ReproNim / reproman

ReproMan (AKA NICEMAN, AKA ReproNim TRD3)
https://reproman.readthedocs.io
Other
24 stars 14 forks source link

Separate simultaneous reproman jobs on same dataset? #580

Open jbwexler opened 3 years ago

jbwexler commented 3 years ago

Is there a recommended way to run two (or more) separate reproman jobs simultaneously on the same dataset? From a small bit of testing it seems only to be possible to start a second job if the first one is waiting in queue, allowing you to 'datalad save' and have a clean dataset. But this isn't always possible. I ask because TACC launcher jobs are billed as if all the sub-jobs ran for as long as the longest sub-job, thus we try not to have too many sub-jobs (usually max 10) in case one goes really long. So if a dataset has more than 10 subjects, I would like to be able to run multiple reproman jobs simultaneously...

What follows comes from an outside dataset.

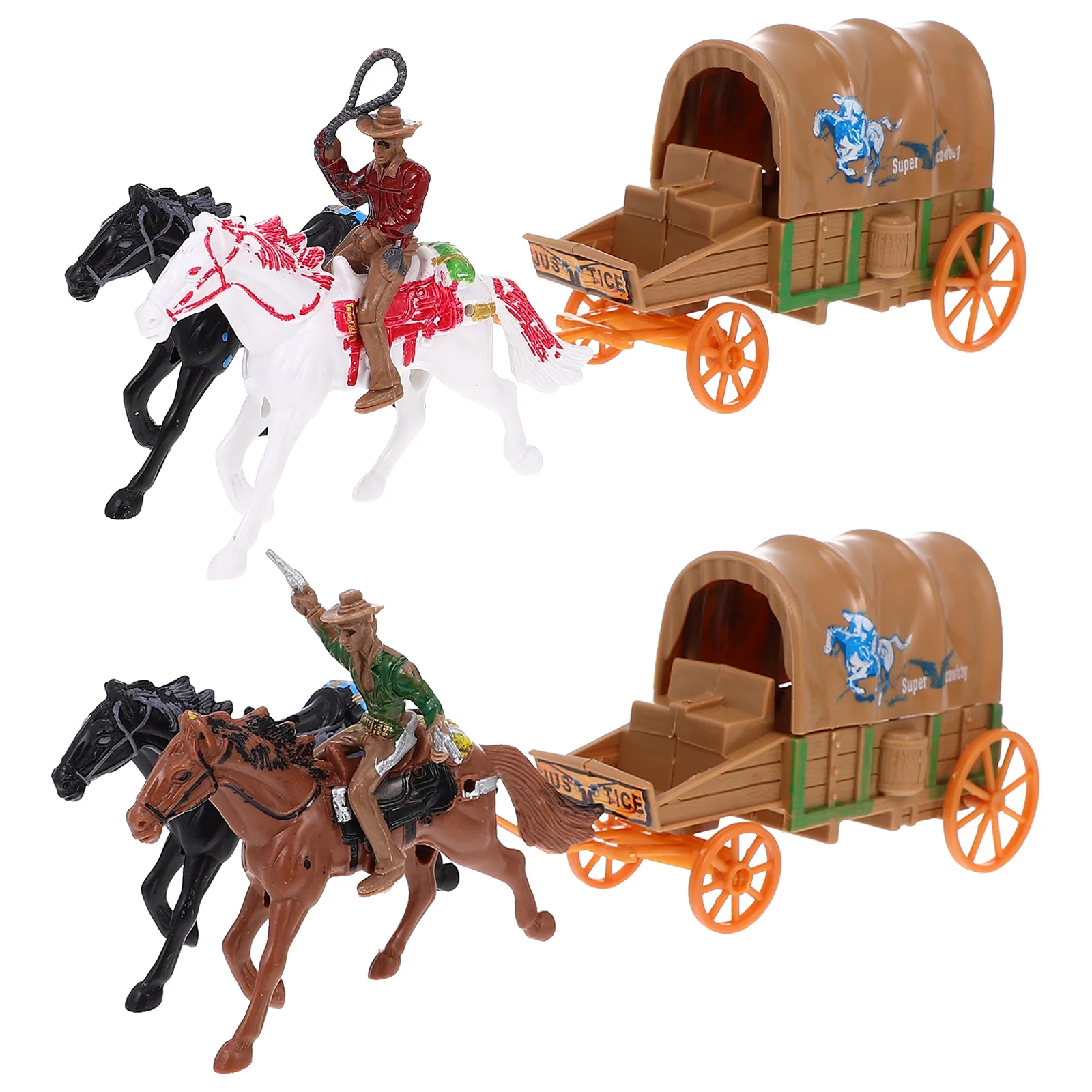 

2 Sets Cowboy Model Toy Decorative Carriage Toys Home Decorations Plastic Puzzle Table Countertop Decors Western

kyleam commented 3 years ago

There's no support for concurrent top-level jobs for a given working tree. I think moving away from that would be a substantial rework of the current logic. One possibility would be to add an additional level of clones (probably with datalads --ephemeral option).

A potential workaround that might be worth trying is pointing the working_directory job parameter to a different remote directory for each job. Depending on how separated the input data is for each split job, that could be pretty lightweight. However, I think at least one reason that won't work at the moment is that, with the automatic naming scheme that's used for remotes, both jobs would try to use the resource name for the remote name. I don't think addressing that would be too involved, though.

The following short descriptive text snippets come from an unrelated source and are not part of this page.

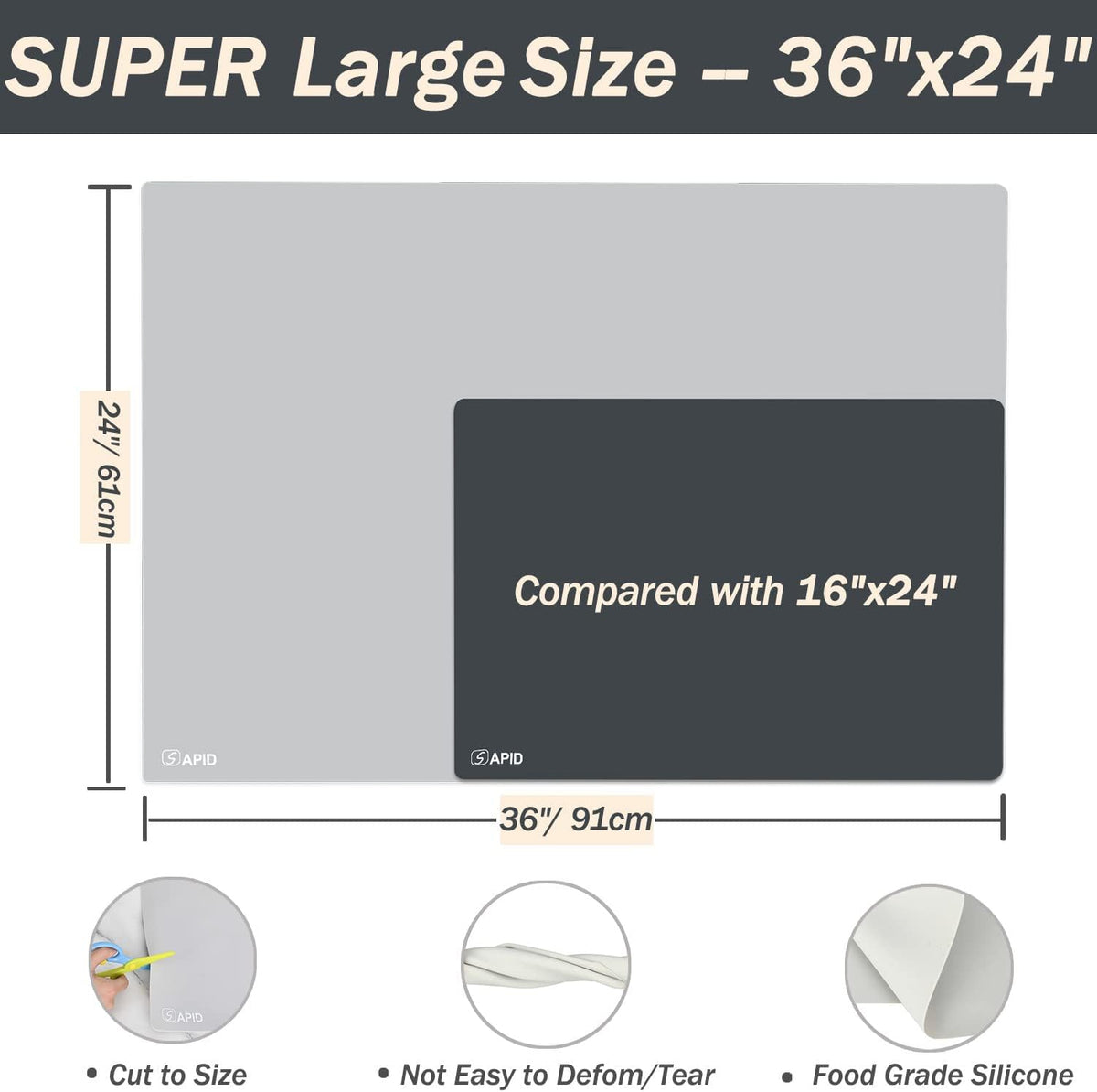 Extra Large Silicone Mat Kitchen Counter Heat Resistant Table Mat 36" x 24"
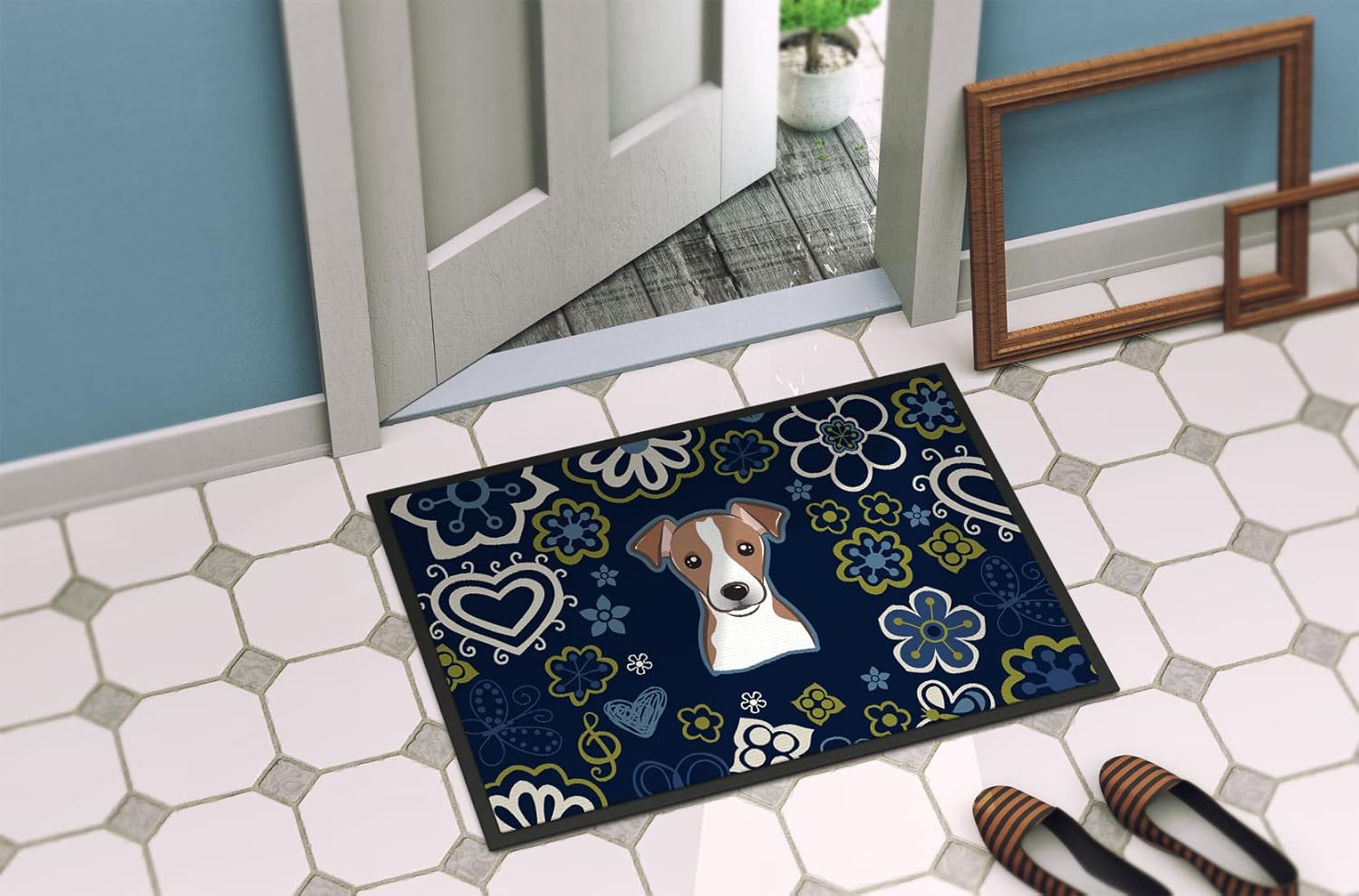 Caroline's Treasures BB5111MAT Blue Flowers Jack Russell Terrier Doormat 18x27 Front Door Mat Indoor Outdoor Rugs for Entryway, Non Slip Washable Low Pile, 18H X 27W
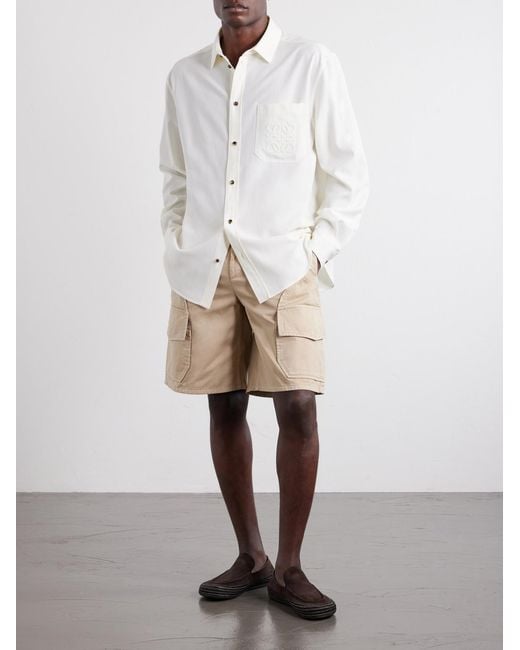 Loewe Natural Paula's Ibiza Anagram-Embroidered Lyocell-Poplin Shirt for men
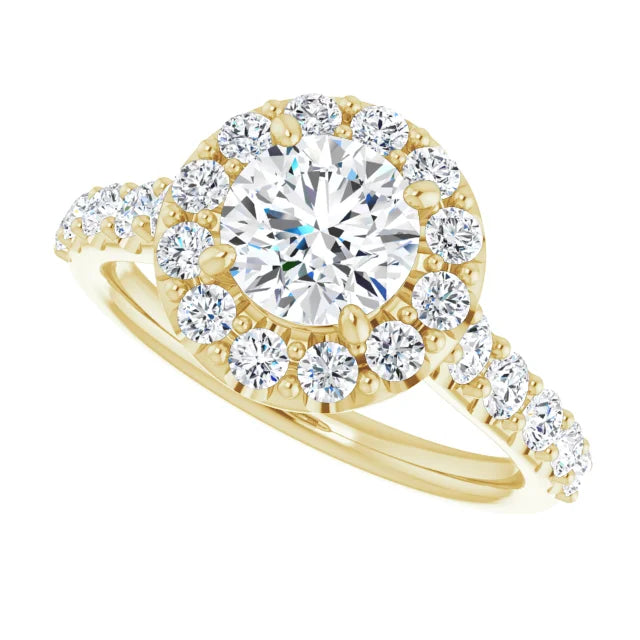 2 CTW Halo Style Lab Grown Diamond Engagement Ring Yellow Gold Showing Details 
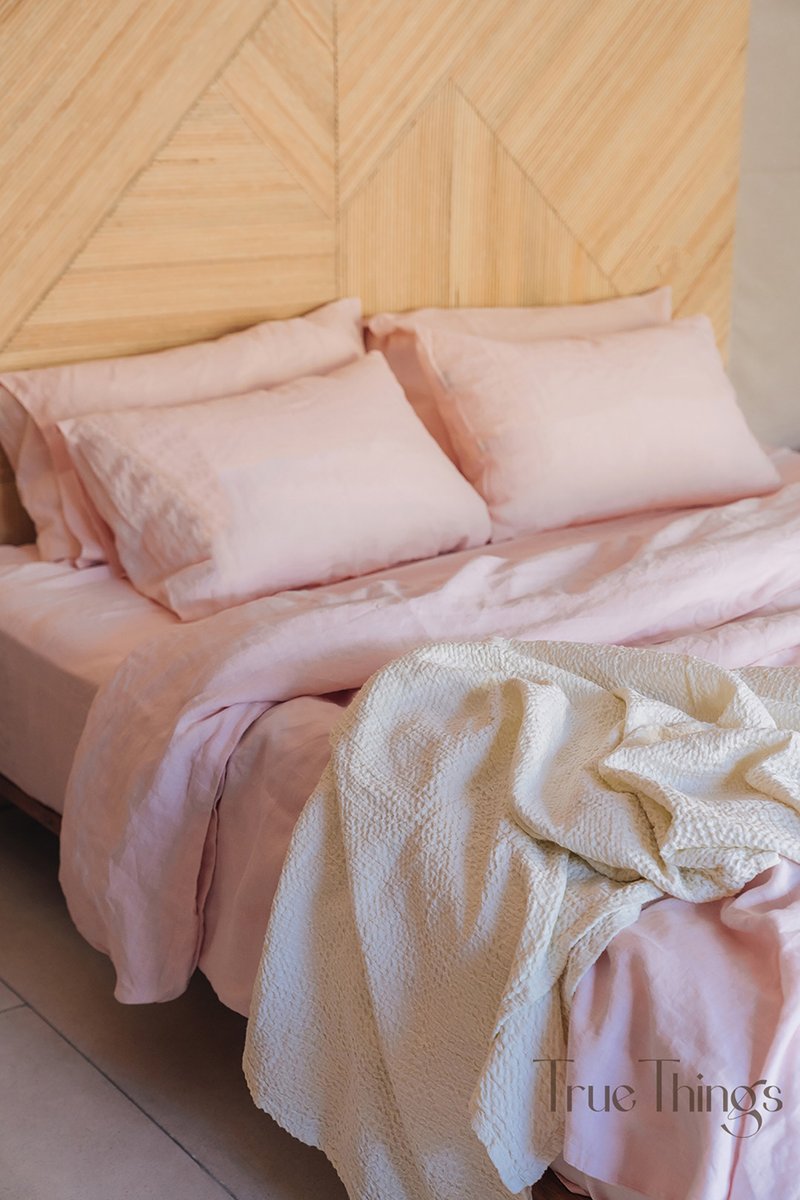 Blush pink linen pillowcase / Pink pillow cover / Euro, American, Taiwan size - 寢具/床包 - 亞麻 粉紅色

jbwexler commented 3 years ago

Thanks! To clarify, would the solution involving changing the working_directory also require ephemeral clones or those are two separate solutions? I think generally the input data is pretty separate between jobs, only overlap are some small metadata files. I'm happy help address the automatic naming issue, unless you think it would just be easier to do yourself, whichever you prefer

kyleam commented 3 years ago

would the solution involving changing the working_directory also require ephemeral clones or those are two separate solutions?

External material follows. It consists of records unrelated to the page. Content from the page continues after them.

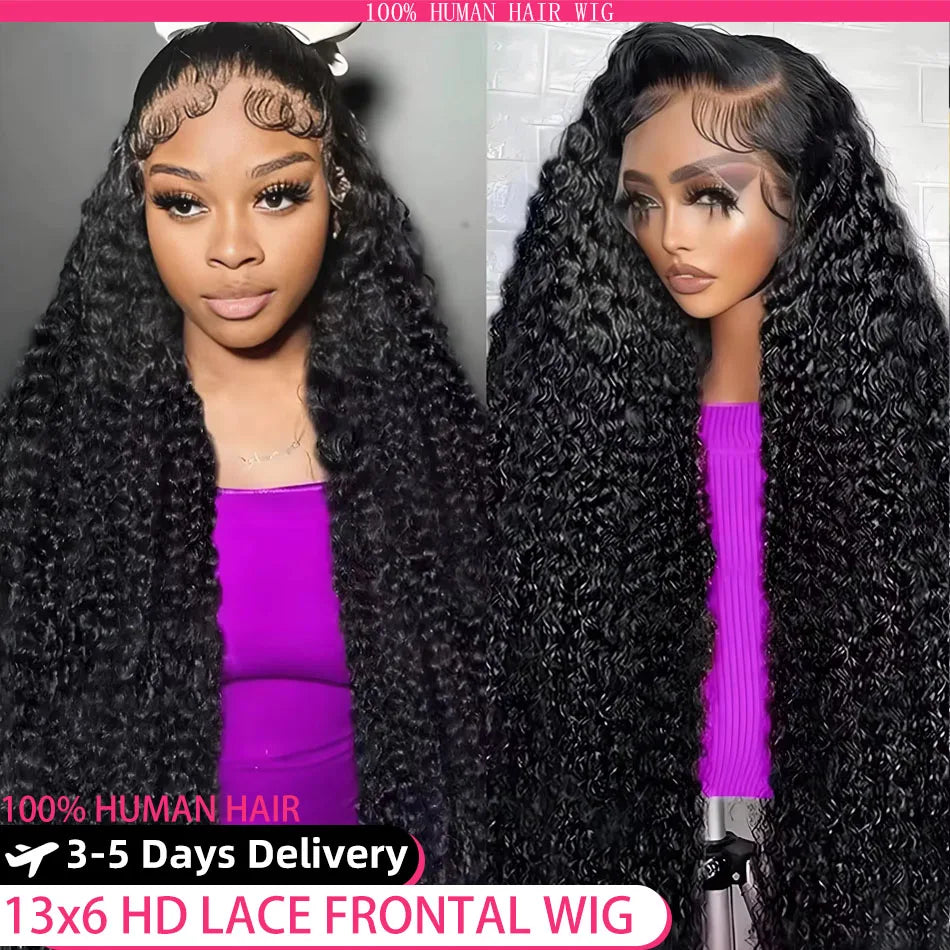 Deep Wave Human Hair Wig with HD Lace Options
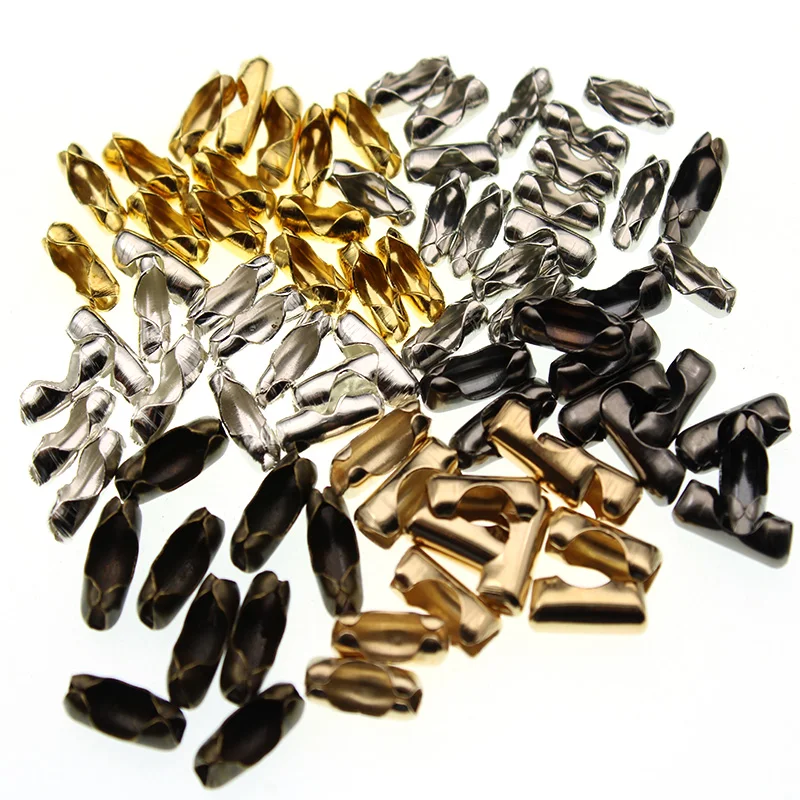 200ks/šarža 1,5 2,4 3,2 mm zlaté strieborné guľôčkové koráliky reťazové konektory pre DIY náramok náhrdelníkových korálikov výroby šperkov
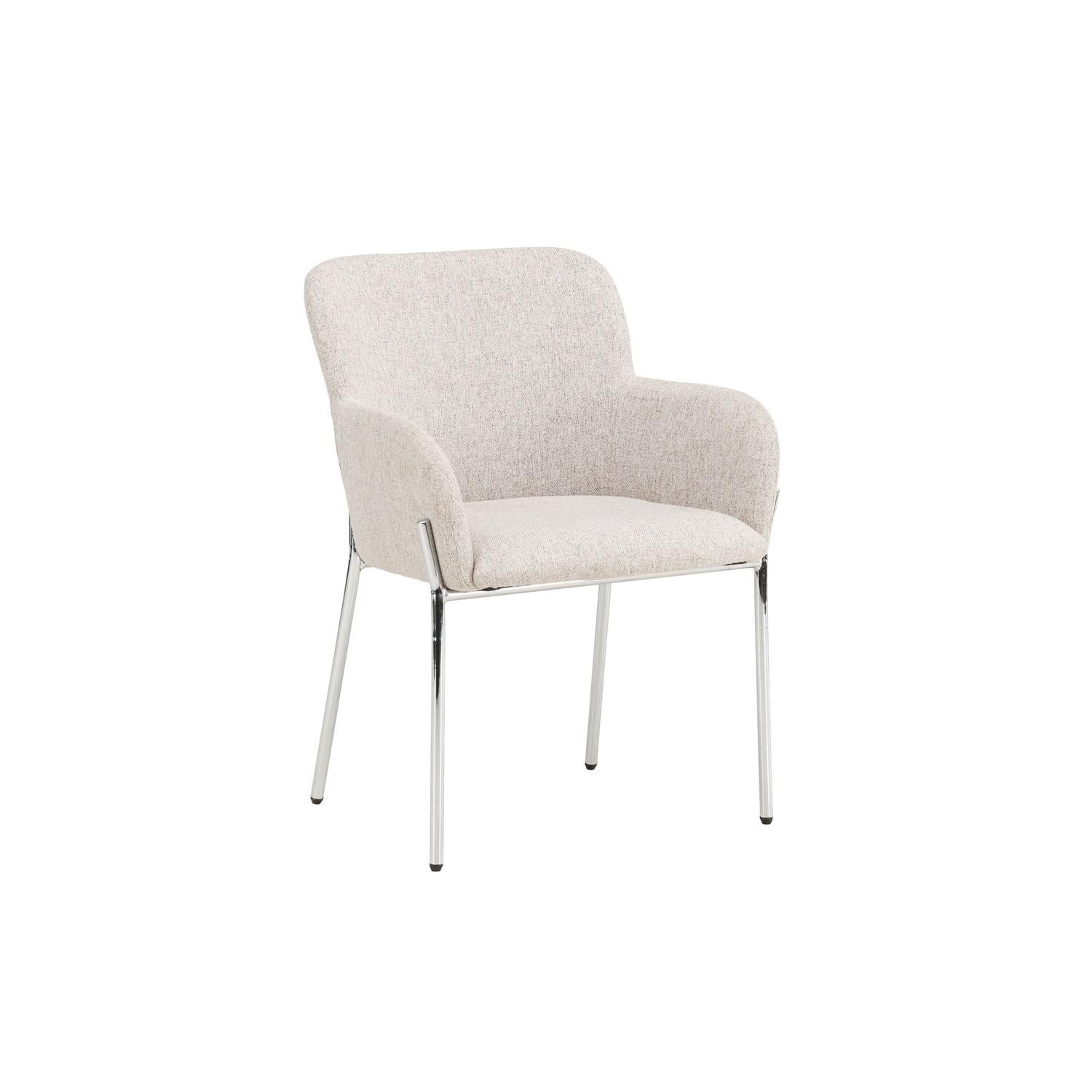 Esszimmerstuhl Vätö aus Stoff mit Metallrahmen - Beige-Esszimmerstühle-Vind-le canapé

Separate (or at least I hope)

I'm happy help address the automatic naming issue [...]

Thanks, that'd be great. The logic is in PrepareRemoteDataladMixin.prepare_remote, though I haven't given any thought to how specifically to handle this. I guess it would probably involve the ability to specify the remote name through a job parameter.

jbwexler commented 3 years ago

Sounds good, I'll probably take a look at it next week

jbwexler commented 3 years ago

I'm finally coming back to this. One question: I'm currently using datalad-no-remote as an orchestrator - will the proposed solution be compatible with this?

yarikoptic commented 3 years ago

sorry I am coming late to this discussion... I do not yet have a good idea on what would happen -- might be just easier to give it a shot and see how it fails (or succeeds) ;) Note that may be in your case you don't need anything "datalad" if you would be just pointing working_directory to the desired output location , run it them all in parallel on different "sub-arrays" of jobs and do one single final datalad save?

I wonder though -- instead of running multiple niceman instances in parallel (and like any "parallel anything" that would add extra complexity to avoid ways to screw things up), may be it would be feasible to provide some generic reproman batching mechanism where all jobs would be batched into "sub-arrays" and reproman would just schedule those "sub-arrays" of jobs individually, while "finishing up" only after all "sub-arrays" are complete. Not yet sure if that would be easier/better but just an idea which may be was discussed already and not worth talking about it again?

jbwexler commented 3 years ago

may be in your case you don't need anything "datalad"

Do you mean don't need anything "reproman"? I think one of the main reasons we were using reproman is because it solves a lot of the issues with running things in parallel with datalad. If that's not the case, then perhaps we don't need reproman?

may be it would be feasible to provide some generic reproman batching mechanism

This would be great, though I wonder how difficult it would be too implement this? This seems like a feature that could be built once we solve the issue we are discussing (running multiple reproman commands simultaneously on one dataset). Or do you think your idea would make solving this issue easier?